The IMT School offers three interdisciplinary doctoral programs in
with the common mission of fostering interdisciplinary research and benefiting from the complementarity of several methodologies derived from subjects such as economics, management, engineering, computer science, statistics, applied mathematics, physics, cognitive and social neuroscience, archeology, art history, and analysis and cultural heritage management.
The PhD Program in Cognitive and Cultural Systems unites disciplines that have been carefully selected for their ability to provide the necessary cultural, methodological and instrumental know-hows for the analysis of complex social, cognitive, psychological and cultural systems. It is truly a unique PhD Program thanks to its common topics of study that consist of cognitive, cultural and social systems.
The Program proposes a distinction in three Tracks on the basis of the methodologies applicable to the study of the brain, perception, mind, knowledge organization, behaviors, human activities and productions, as well as their material and symbolic functions and representations, objects and spaces:
- The Analysis and Management of Cultural Heritage (AMCH) Track offers different tools for the analysis of cultural heritage, i.e., archaeology, art history, administrative law, philosophy, history, management science and new technologies.
- The Cognitive, Computational and Social Neurosciences (CCSN) Track integrates a basic neuroscience training with the study of mental activities and cognitive functions in neuropsychological, psycholinguistic, computational, social, philosophical, logical and educational domains.
- The Museum Studies (MUSST) Track, established in partnership with some of the main Italian museums and cultural institutions, offers different tools for the analysis of museums and related issues, such as object display, curatorship, temporary and permanent exhibitions.
The Doctoral Program in Economics, Analytics and Decision Sciences is based on the development of skills that underlie the quantitative and qualitative analysis of the phenomena observed in economic and social systems. The Program aims at providing participants with a solid knowledge of modern analytical methods, following a multidisciplinary approach. The Program develops a strong integration of concepts, analytical methods and practical skills, to train the new generation of economists, social scientists, managers and professionals with specific competences in the analysis, interpretation and management of the complexity of economic, firm, and social systems.
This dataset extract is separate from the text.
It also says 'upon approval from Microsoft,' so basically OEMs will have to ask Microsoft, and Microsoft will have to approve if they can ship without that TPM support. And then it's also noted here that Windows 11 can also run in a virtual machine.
Students are trained to become researchers and decision-makers in academia, politics, administration and business, through the integration of knowledge that lies at the borders between economics, management and the other social sciences, while maintaining the unifying language of mathematics and statistics and borrowing the tools necessary for specific applications from computer science and psychology.
The close connection with a selected group of companies and institutions offers the opportunity to adopt new perspectives of analysis and interpretation of phenomena through the use of innovative quantitative and qualitative research methodologies for solving the problems of the real economy and society. Students are therefore involved in the collection and analysis of high-dimensional real-world data.
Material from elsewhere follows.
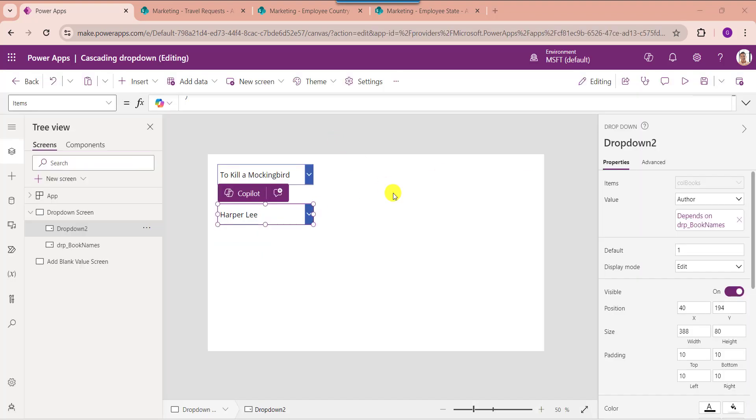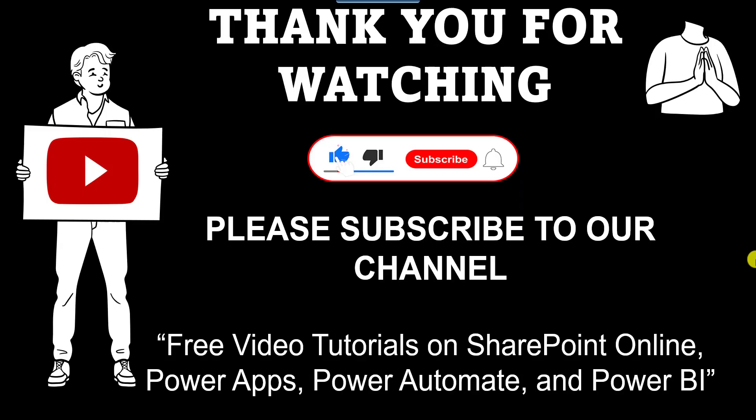Yes friends, this is all about how to use cascading drop-down in PowerApps. I hope you liked this video — please give a like and subscribe to our YouTube channel for more free videos on SharePoint Online, PowerApps, Power Automate, and Power BI. Thank you.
The Program is characterized by the interdisciplinary nature of its approach. The obstacles that traditionally divide the different domains of knowledge are overcome by addressing the problems that arise in the various application fields - industrial, institutional, health, environmental, technological, social, ethical, etc. - through a variety of scientific methodologies derived from probability theory, theory of the firm, mathematical statistics, econometrics, machine learning, experimental methods, cognitive science, computer science and computational methods.
The Doctoral Program in Systems Science aims to provide the necessary methodological skills to analyze technological, natural, economic, and social systems by means of descriptive and predictive mathematical models. Examples of current and relevant problems in modern society that can be treated using such methodologies are ensuring the efficiency of industrial and manufactured production systems, addressing the complexity of economic, biological, ecological and social systems, and making cyber-physical systems, in which software and physical systems interact, autonomous and reliable. These issues play an essential role in many industrial sectors, such as in the automotive, aerospace, chemical, infrastructure, energy, biomedicine, financial, and manufacturing industries.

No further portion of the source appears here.